So I generally try to avoid interactions with people (especially those which have potential to irritate me :) when I'm hungry. Sometimes, this second variety of anger is useful - there are some kinds of people who only listen when shouted at. But what I've to cultivate more is the ability to dissociate the inner "me" from the anger going on outside, so that the work gets done without disturbing the inner calm. In short, a work in progress.

Then there are also people whom I've hurt unintentionally, who would have a pretty dim view of me. Again, a very large number of people. That usually stems from my "inflexibility" which some people tell me is a defect, but I'm somewhat reluctant to admit. But by the duck test - if it quacks like a duck, if it swims like a duck, it's a duck - if it causes hurt to others, it's a defect. That is, I've not mastered "Sathyam brooyath, Priyam brooyath, Na brooyath Sathyam Apriyam" (Speak truth, but in a pleasing way) - or as You say, "You cannot always oblige, but you can always speak obligingly". This is another aspect where I fall short. How I deal with this is by avoiding situations which would irritate me or cause me to answer brusquely, and to prefer email, or in the earlier days, hand-written letters. And to never reply to email in anger. As You say, "If it is something good, do it immediately. If it is something which may not be good, take your time. Reflect over the pros and cons.

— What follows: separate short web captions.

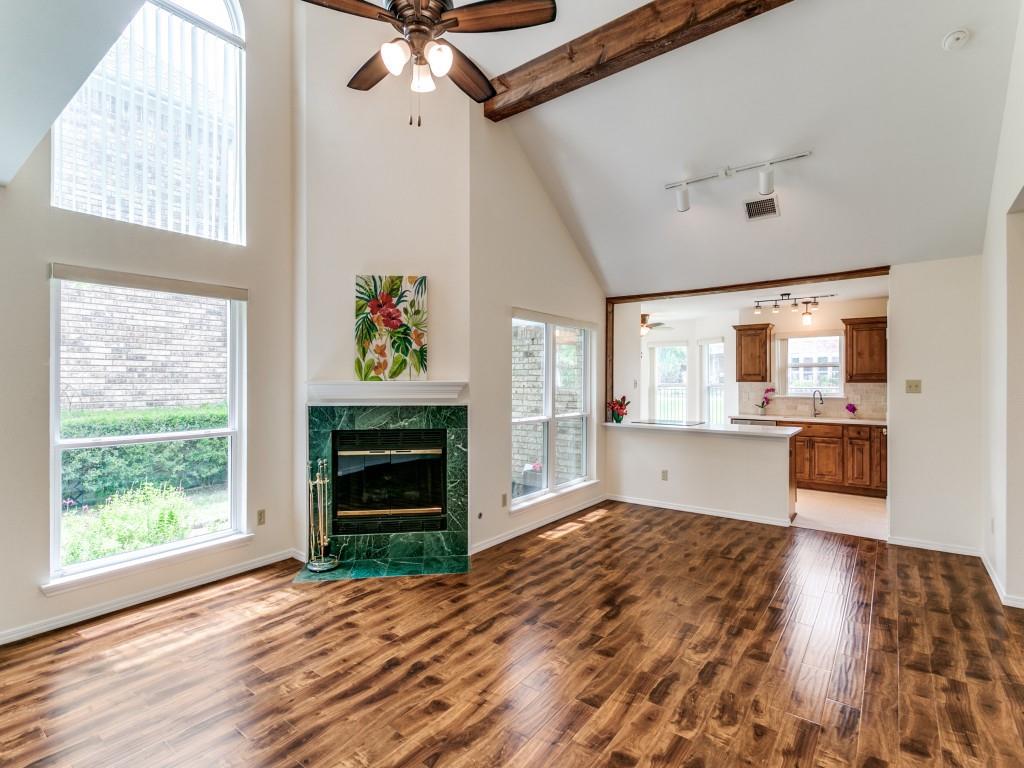 281 Alex Drive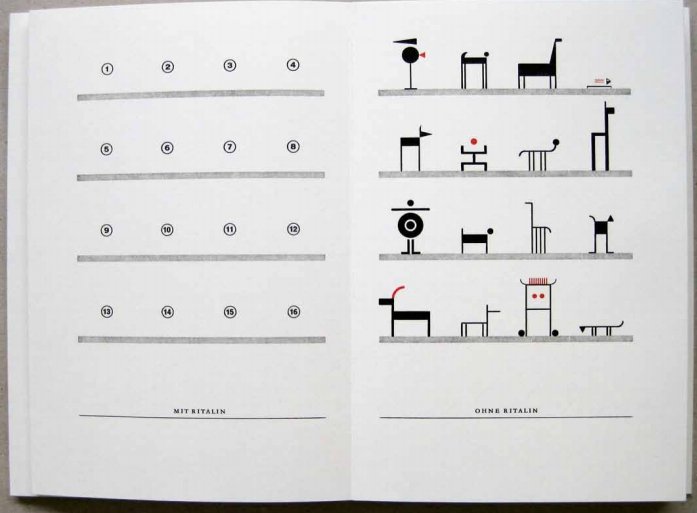 #mefi post on Romano Hänni hand printed #typography books metafilter.com/163265/Romano-…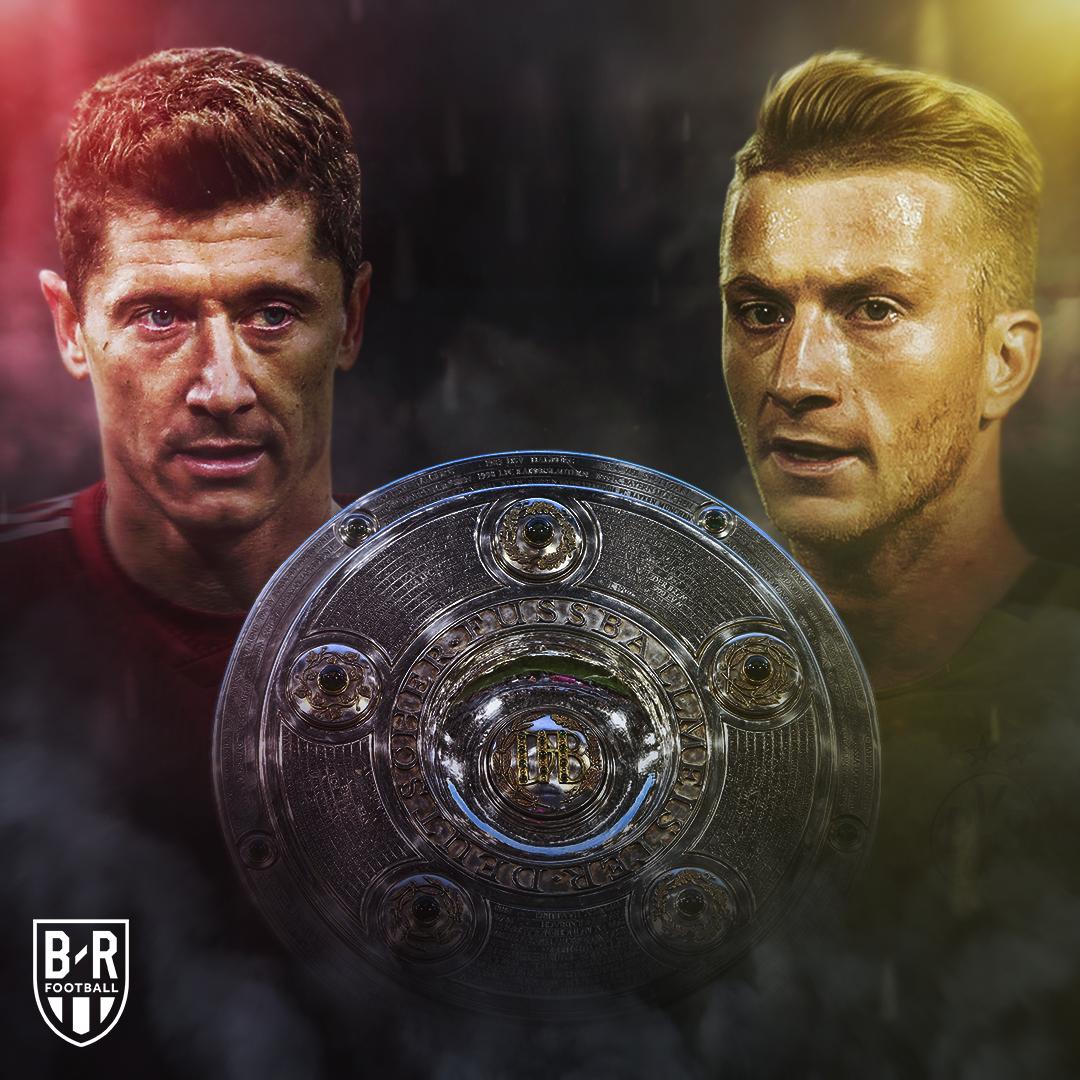 0-2不敌药厂，曼城欧冠主场对德国球队13连胜遭终结（0-2负于勒沃库森，曼城欧冠主场对德13连胜告破）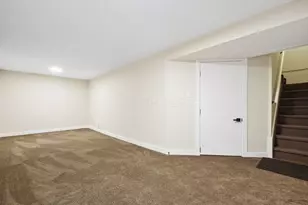 1589 Cindy Ct, Columbus, OH 43232 - Photo 29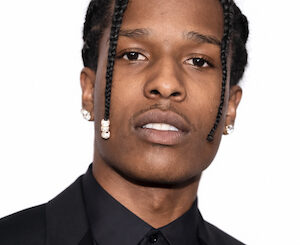A$AP Rocky Biography 2026: Don’t Be Dumb, Rihanna, & New Era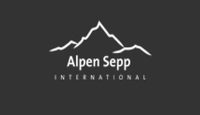 Alpen Sepp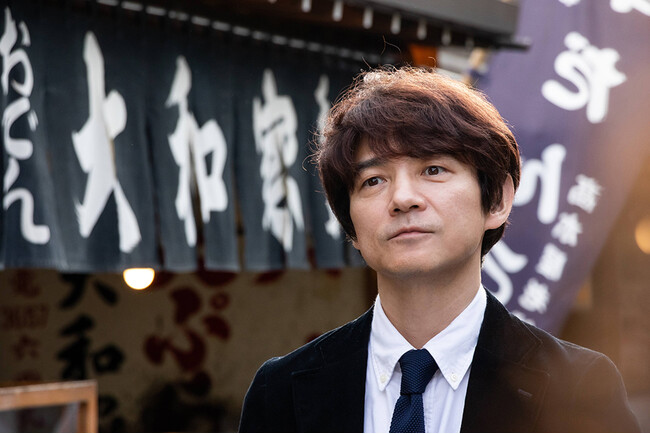国民的映画シリーズ『男はつらいよ』のシネマ・コンサートが開催“フーテンの寅さん”が大スクリーンとオーケストラの生演奏で！オフィシャルトレイラー到着！BS朝日「今度ナニ観る」で本コンサートの特集O.A.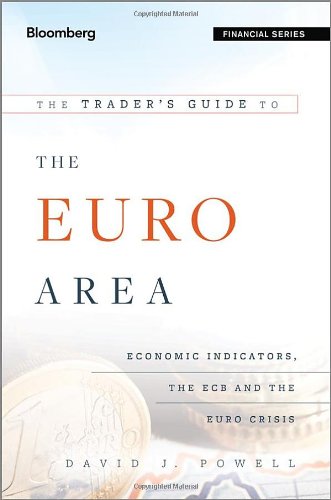 The Trader's Guide to the Euro Area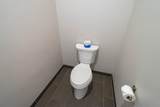 5194 Villas Dr - Photo 50
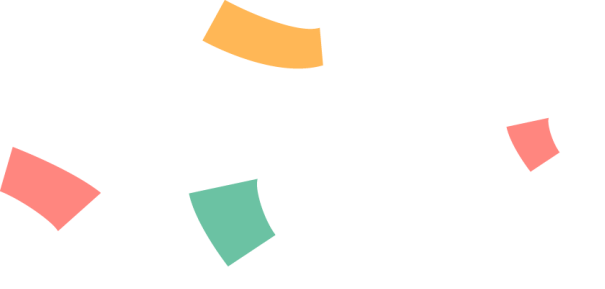 1765418022400287
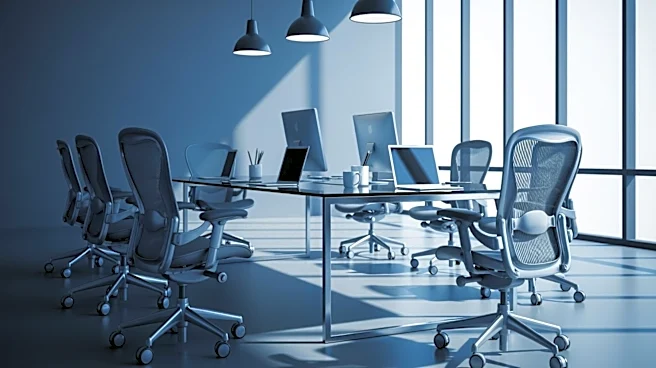 Meta Plans Significant Layoffs Amid AI Restructuring, Impacting Global Workforce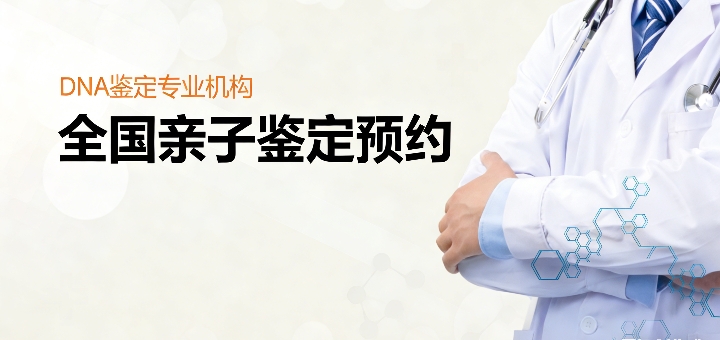 生成特定图片并改文字 (11).jpg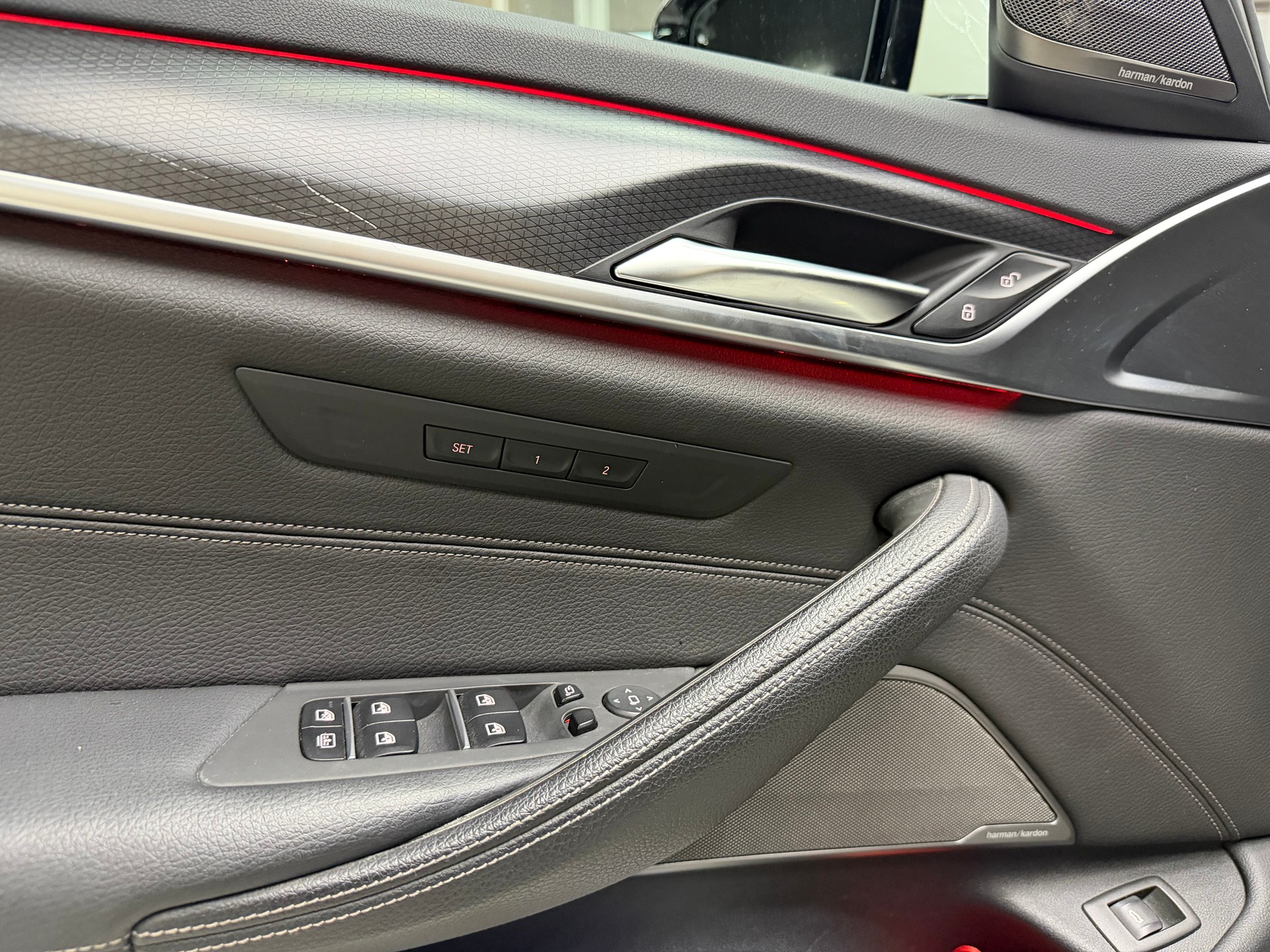 BMW 530-image-10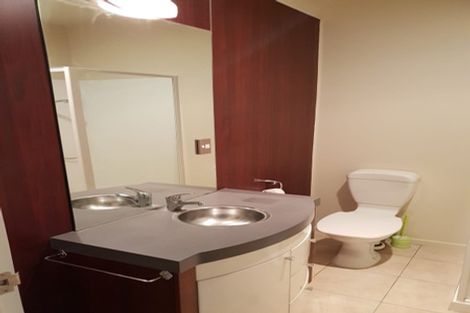 Photo of property in Greenwich Apartments, 17/3 Burton Street, Grafton, Auckland, 1010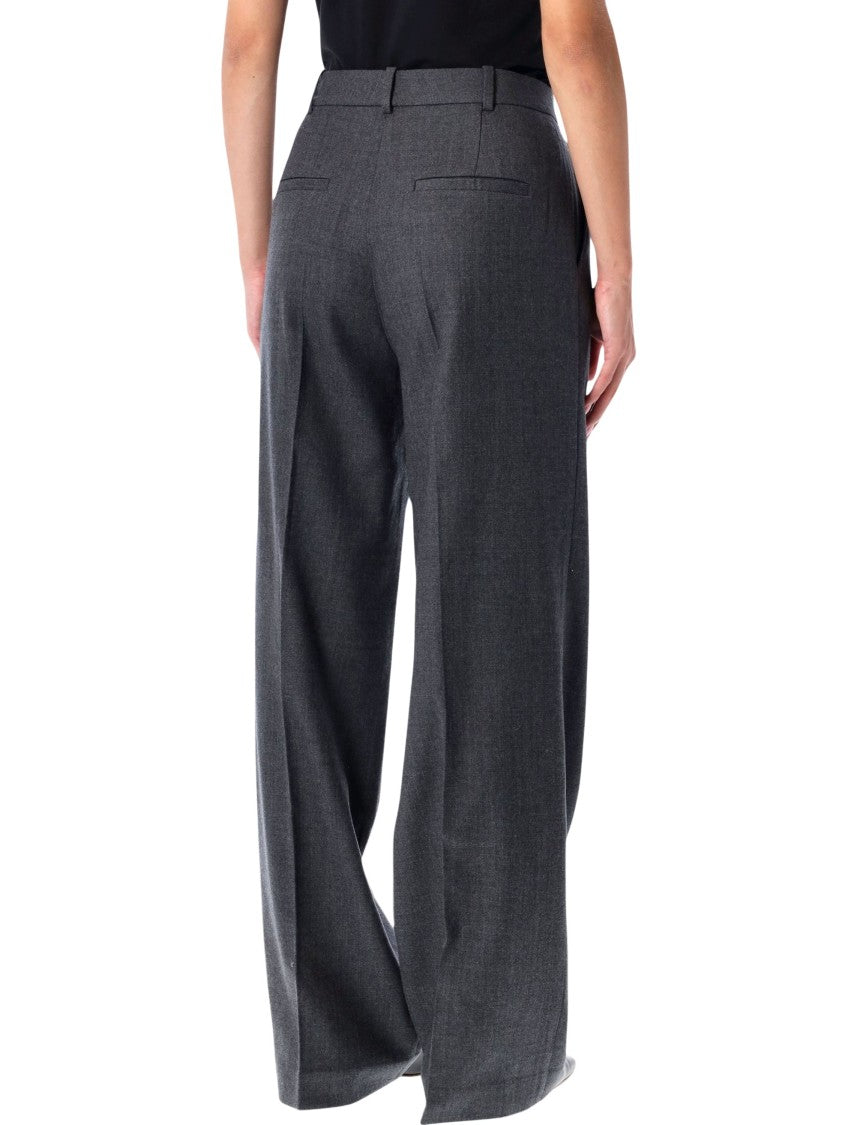 Anine Bing Trent Pant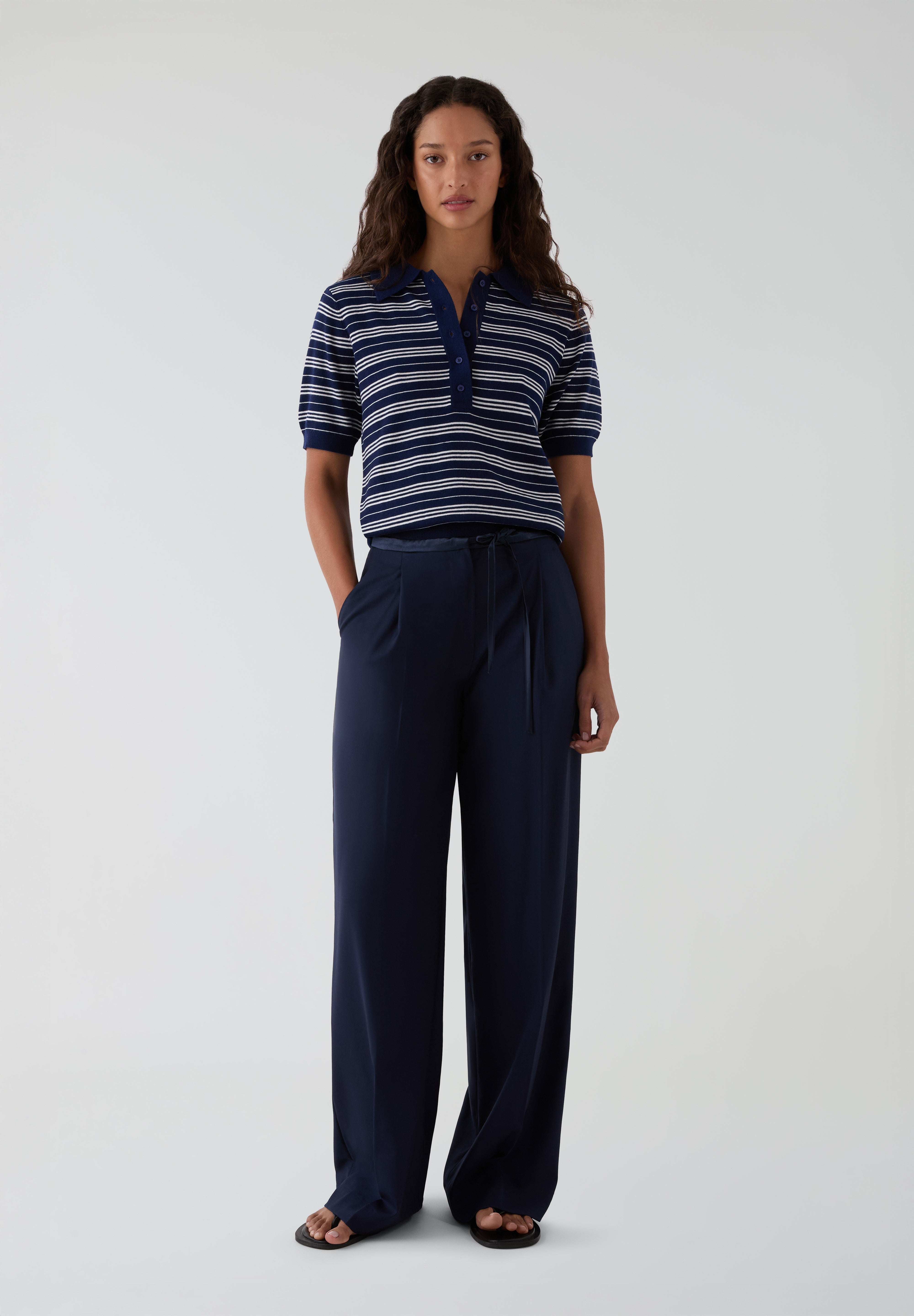 BELLEROSE | CALÇAS VESTAL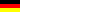 f0de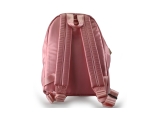 Eastpak Tas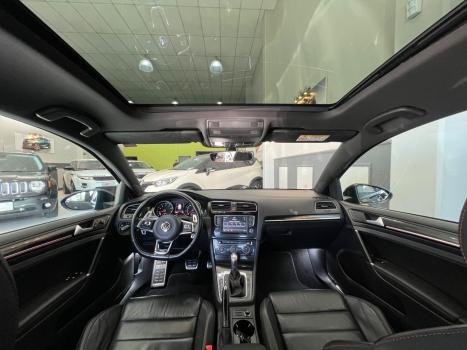VOLKSWAGEN Golf 2.0 GTI TURBO AUTOMTICO, Foto 7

Only then, act." So I have a blanket rule of deferring email replies to the  next day, if I feel irritated while typing it.

During the incident below, I was walking along the path where You are moving in this photo. Photo from the internet.

Interestingly, You had called me 'Somberi' (lazy fellow) in a half-joking manner. This was during my Brindavan days, working for Audio Visual department, setting up mics in Sai Ramesh Hall before You came out of Trayee Brindavan. One day, while I crossed Your interview room door and went to the other corner of the compound where the changeover switch was located, changed over to generator and was returning, You came out of the door, early. I had been walking back, but when I saw You, I ran towards the PA system room so that I could alert the others and also expedite the setup, which had not yet been done. That's when You called out "Somberi" after me, as I ran ahead of You. And in the spiritual sense, that epithet is quite apt. Though I "do" many things on the physical plane, I'm quite "lazy" about progress in the spiritual plane. But You still help me along, like the marjala kishora. And in some matters I am conventionally lazy too, of course. This usually happens when I want to avoid a particular situation, and request someone else to do that chore for me and so on.

Then there are the eccentricities. These may or may not be faults, but most conventional people would find these traits strange. Like point number 4 in my room-mate's* hilarious 'Brahmachari eccentricities' post

*When You gave us jobs, You asked that we (students who were now staff) be given room accommodation inside the Ashram, 3 to a room. During a brief period, this was increased to 4 per room, then again brought down to 3 per room. NNR and Namz have been my room-mates for more than 20 years now, and we're very happy with each other. HSB was our room-mate briefly during the 4 per room phase. Also, VijK for a short while. 

This post is linked from this post of 1994, which is probably the first time I helped out with moving the mixer to the Bhajan Hall at Prasanthi Nilayam - my earlier involvement was at Brindavan.